Paris, quartier du Père-Lachaise, 11 mai 2018

SW:

Comment aborde-t-on des sujets historiques quand on est auteur de bandes dessinées?

JT:

Qu'on parle de la Commune ou de la Première Guerre Mondiale, il faut avant tout raconter une histoire. Pour capter l'intérêt du lecteur avec un moyen d'expression comme la bande dessinée, il faut des personnages. Sinon, on est historien, on explique, on aborde les causes, les dates… Or, je ne suis pas historien et je ne prétends pas l'être.

SW:

Justement, est-ce qu'on vous reproche parfois un manque de précision historique?

JT:

Cela peut arriver. Un jour, quelqu'un m'a écrit en me disant que j'avais commis une erreur monstrueuse, que Vallès, pendant toute la période de la Commune, n'avait pas de barbe. Il avait fait de la prison juste avant, et pendant toute la Commune il s'était rasé. À la fin, les Versaillais ont d'ailleurs fusillé plusieurs barbus qu'ils ont pris pour Vallès. En effet, c'était une erreur de ma part, je n'ai pas eu l'information à temps. Il faut dire aussi que j'ai parfois eu des difficultés à raconter tout le déroulement de la Commune parce que j'ai eu vent de certains événements après avoir déjà dessiné mes planches. Par exemple j'ai entendu parler des combats à l'église de Saint-Eustache à un moment où j'étais déjà trop avancé dans la composition. C'était donc trop tard.
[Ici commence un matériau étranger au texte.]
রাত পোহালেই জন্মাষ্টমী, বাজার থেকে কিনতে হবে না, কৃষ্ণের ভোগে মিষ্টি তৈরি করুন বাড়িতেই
Je trouve le travail historique intéressant mais le plus important est de ne pas perdre les personnages, puisqu'il y a quand même une intrigue à respecter. [End Page 230]

SW:

Et pourtant, quand on lit votre adaptation du Cri du peuple1 de Vautrin, on est frappé de voir à quel point vous vous êtes documenté, notamment pour représenter Paris.

JT:

Oui, forcément, on consulte des photographies, comme celles de Marville par exemple, on découvre que certaines rues n'existent plus, qu'Haussmann est passé par là. Et puis on va sur place. Évidemment, la plupart des bâtiments de l'époque ont disparu mais il en reste. Ils sont assez caractéristiques, avec un premier étage aux fenêtres arrondies. Ensuite, on passe au dessin.

SW:

Pourquoi la Commune?

JT:

La Commune m'a toujours intéressé, je tournais autour depuis longtemps, je la raccrochais un peu aux Misérables, à ces fictions monumentales. Et puis un jour, Jean Vautrin, que je connaissais depuis des années, m'a envoyé son bouquin, Le Cri du peuple, pour que j'en fasse la couverture.2 Je l'ai lu et je lui ai dit: "Mais c'est exactement ce qu'il me faut!" Il y a des personnages, on se fiche complètement de leur réalité historique, on les suit au jour le jour, on suit le déroulement de leur vie. C'était ce qu'il me fallait, des personnages, des motivations, qui étaient un prétexte pour raconter la Commune, si possible sans ennuyer le lecteur.

SW:

Dans votre adaptation du roman de Vautrin, il y a ce personnage de Tardy, dont le patronyme est très proche du vôtre. C'est incroyable!

JT:

Là, j'ai gonflé. Vautrin ne parle pas de Tardy avec un "y." C'est Vallès qui raconte, dans L'Insurgé, qu'il fait recopier ses manuscrits par son voisin de palier qui s'appelle Tardy, avec un "y."3 Je ne pouvais pas rater ça.

SW:

Qu'aviez-vous prévu pour la suite?

JT:

Avec Vautrin, on avait prévu d'autres volumes. On voulait garder un certain nombre de personnages, les emmener en Amérique du sud, au Chili, puis revenir. Mais le problème, c'est que Vautrin disait, "Oui, d'accord, mais il faut d'abord que j'écrive le roman." Moi je répondais, "Non, faisons un scénario." Malheureusement, il n'est plus là pour en parler.

SW:

Lorsque vous dessinez, avez-vous besoin d'un contact...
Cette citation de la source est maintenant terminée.